Once all the dues of creditors are cleared, the company then pays of its employees, banks governments and other relevant parties to whom it owes the money. However, this group excludes the shareholders since the shareholders are last in line to be paid when the company is undergoing liquidation. Thus, at this stage, the stakeholders in the company including its private equity board, employees and founders of the company are paid their dues (Nyombi, 2013). The money left after paying all the shareholders is then distributed among the shareholders in their order of preference. Preference shareholders come first, and then the ordinary shareholders are paid (Favara, et al., 2012).
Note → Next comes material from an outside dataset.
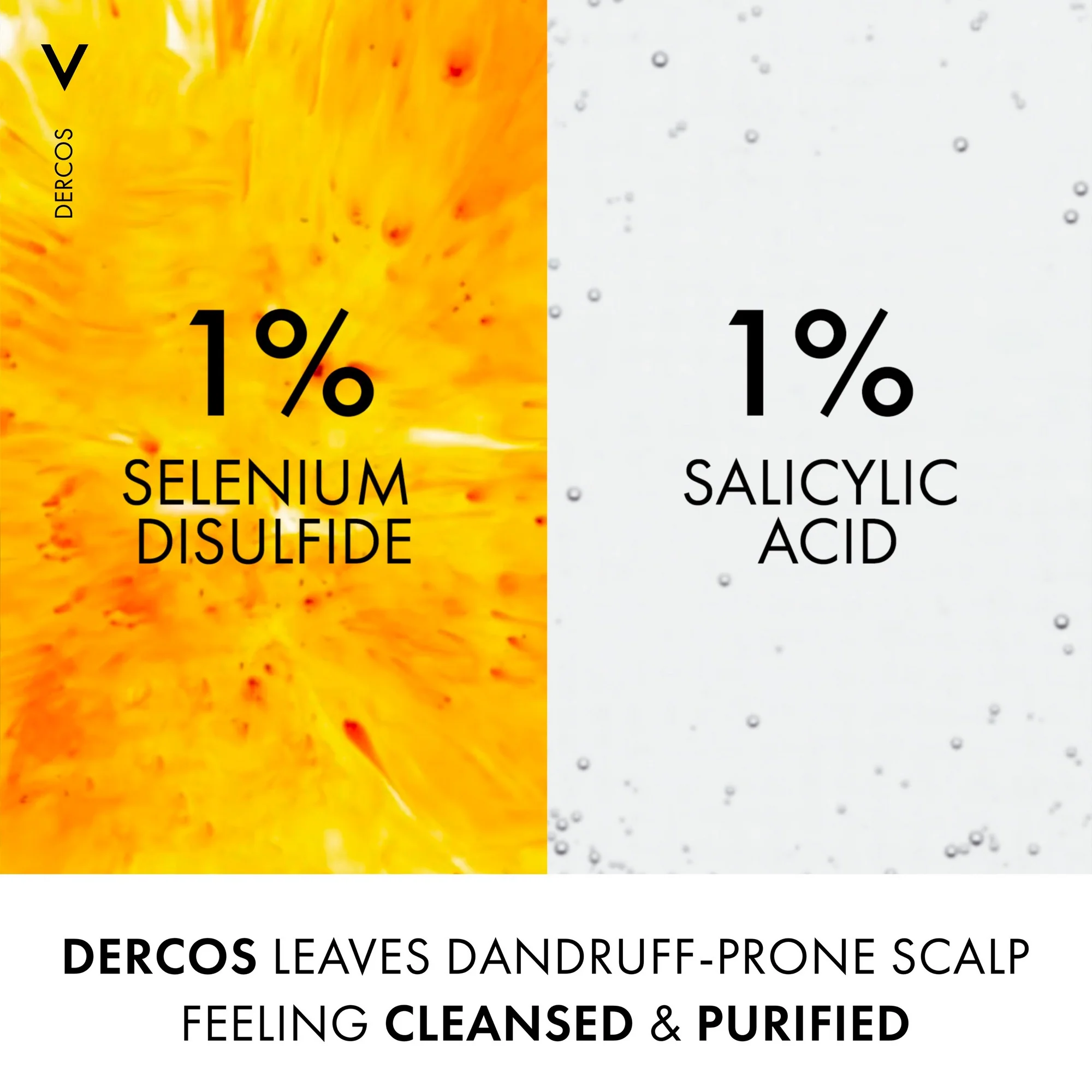 Vichy Dercos Anti-Dandruff Shampoo Dry Hair 200ml - Image 6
In an out of court restructuring, however, when the stakeholders agree to settle informally, the company may offer a senior secured lender with an option of having his bondholding converted to a number of shares. The bondholder can then evaluate the proposed possibility accordingly and choose it if it would reap more benefits for him. Similar is the case with an unsecured mezzanine lender who might be given stock conversion option. This can be beneficial for both the parties as it provides an opportunity for the company to improve its operations and become profitable. On the other hand, it increases the potential for the lenders to benefit from prospective dividends and capital gains once the company starts prospering. Although there are a lot of uncertainties involved for the creditors, if the situation is tackled smartly, it can generate high returns for both the parties (Dumitrescu, 2007).
3. Assessment of Danfurn LLC’s going-concern value and liquidation value
Liquidity value is a measure of what the shareholders will get after the business is liquidated. It is calculated by deducting the total liabilities from the total assets. Whereas, going concern value is the firm’s value that is calculated by keeping in mind that the business will continue its operations. For both values, the higher the figure, the better it is for stakeholders. For the shareholders of Danfurn LLC, it is better than the company continues its operations, as the firm value they are getting is USD 150,686,000, which is much higher than the liquidity value that they will get after liquidation, which is USD 10,596,000 (Refer to Appendix 1 and 2) (Fang, 2009).